# INPUT DATA
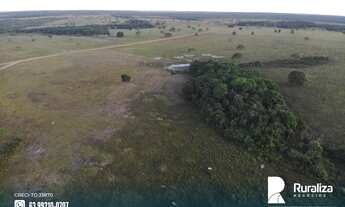 Imagem 5: Fazenda bem estruturada para grandes investidores com 4.781,92 hectares no Vale do Araguai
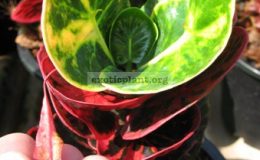 Codiaeum-Pan-Tu-Wong-MD-20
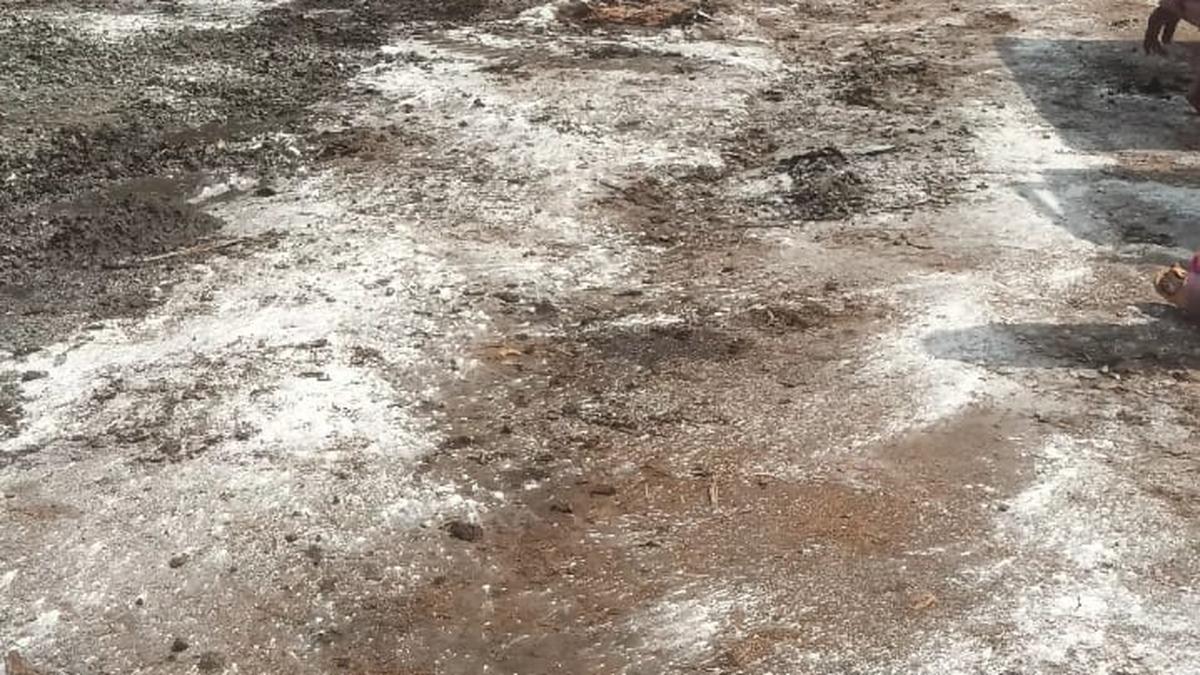 Tiruchi Corporation launches special drive to  improve conditions in and around Gandhi Market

# YOUR ASSIGNMENT
After locating the line that holds "Codiaeum-Pan-Tu-Wong-MD-20", output exactly the lines from it through the last line of the material above, inclusive, without pictures.

# SOLUTION FOR THIS TASK
 Codiaeum-Pan-Tu-Wong-MD-20
 Tiruchi Corporation launches special drive to  improve conditions in and around Gandhi Market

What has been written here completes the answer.